- _Directions_
Produce a verbatim copy of the data below that contains no pictures.

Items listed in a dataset
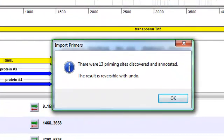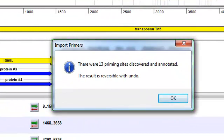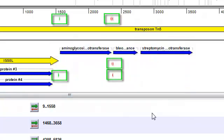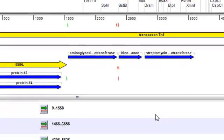So as you can see here, SeqBuilder found and annotated 13 primers from my catalog. And if I click OK, I can see the new annotations here on my linear map.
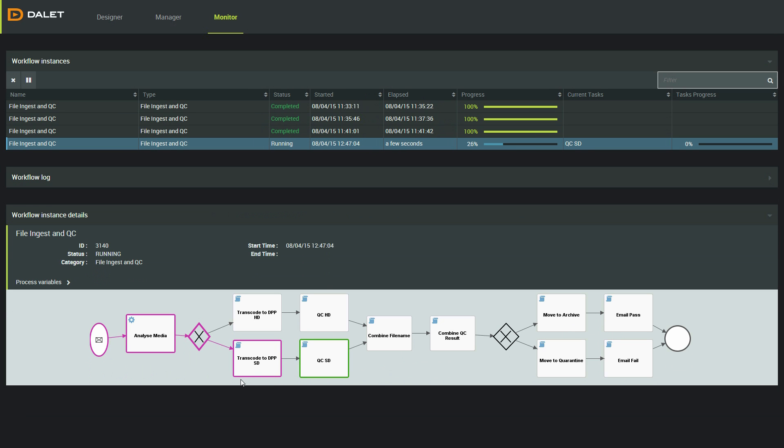In the graphical view, I can see the overall progress. Each activity is highlighted as my media moves through the workflow. I can see where the job is in the workflow and where it has been.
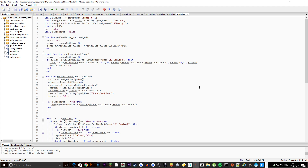Next up we have a local function called modUpdateCheck which checks the player data. If the player has the collectible for little demigod, it will spawn the little guy: EntityType familiar, 121, variant 0 — you want to put 0 because familiars don't have a subtype — vector at player position so it spawns at the player's position, with no initial velocity. Then demigodExists is set to true.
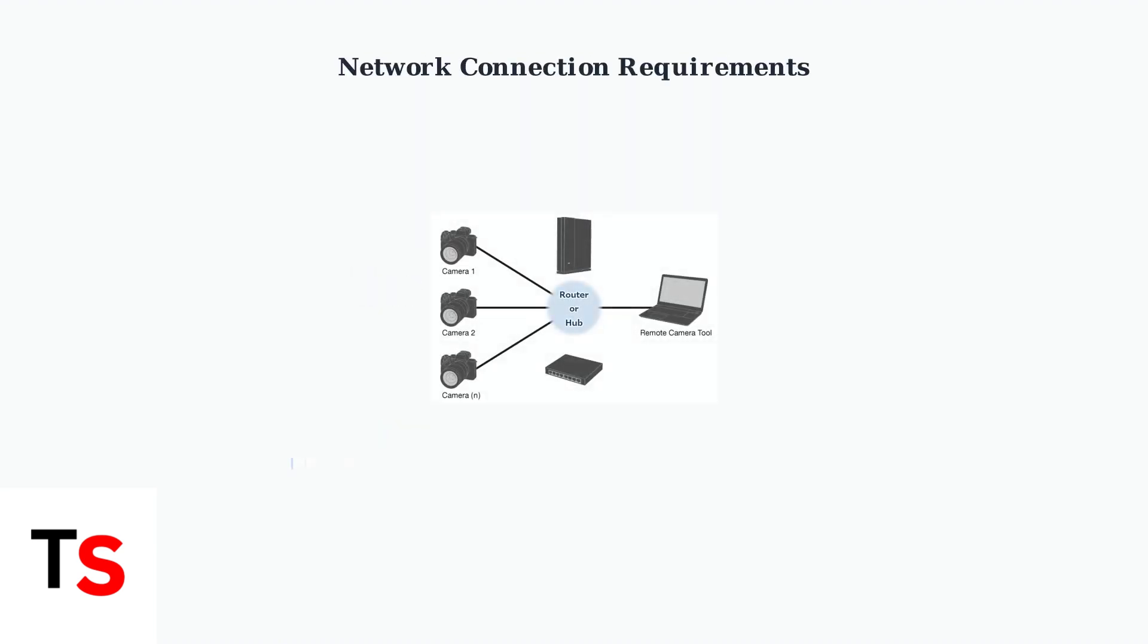For a subscription-free setup, you'll typically need to connect your camera directly to your router using an Ethernet cable. This ensures stable communication and proper configuration.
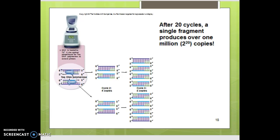In just 20 cycles of PCR, you start with a single fragment and can end up with over a million copies of that DNA.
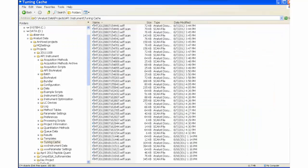The data being generated is saved with a generic name in the Tuning Cache folder. The data file name contains the year, month, day, and time.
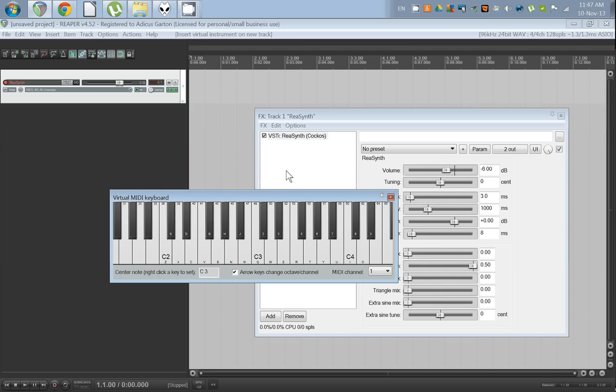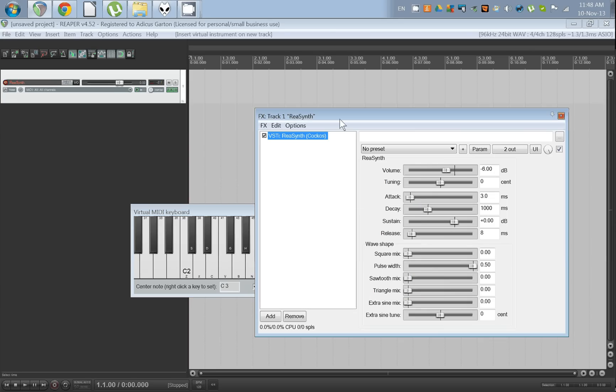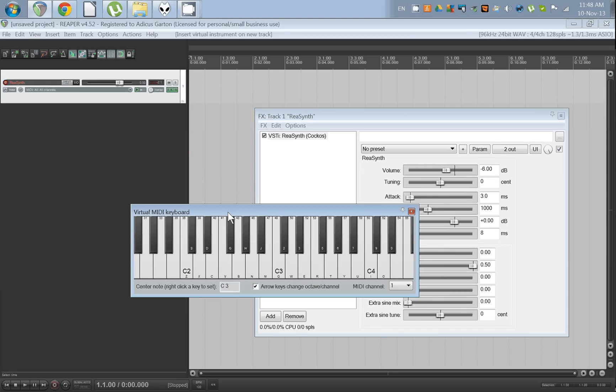Of course you can't click anywhere else and then use the keyboard. If you're using it on your desktop keyboard, you'll see that Z is C2, but if you click somewhere else, pressing Z doesn't do anything. So after you have the VST set up, you have to select the MIDI keyboard.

- _Output of the exercise_
So as you can see here, SeqBuilder found and annotated 13 primers from my catalog. And if I click OK, I can see the new annotations here on my linear map.
In the graphical view, I can see the overall progress. Each activity is highlighted as my media moves through the workflow. I can see where the job is in the workflow and where it has been.
Next up we have a local function called modUpdateCheck which checks the player data. If the player has the collectible for little demigod, it will spawn the little guy: EntityType familiar, 121, variant 0 — you want to put 0 because familiars don't have a subtype — vector at player position so it spawns at the player's position, with no initial velocity. Then demigodExists is set to true.
For a subscription-free setup, you'll typically need to connect your camera directly to your router using an Ethernet cable. This ensures stable communication and proper configuration.
In just 20 cycles of PCR, you start with a single fragment and can end up with over a million copies of that DNA.
The data being generated is saved with a generic name in the Tuning Cache folder. The data file name contains the year, month, day, and time.
Of course you can't click anywhere else and then use the keyboard. If you're using it on your desktop keyboard, you'll see that Z is C2, but if you click somewhere else, pressing Z doesn't do anything. So after you have the VST set up, you have to select the MIDI keyboard.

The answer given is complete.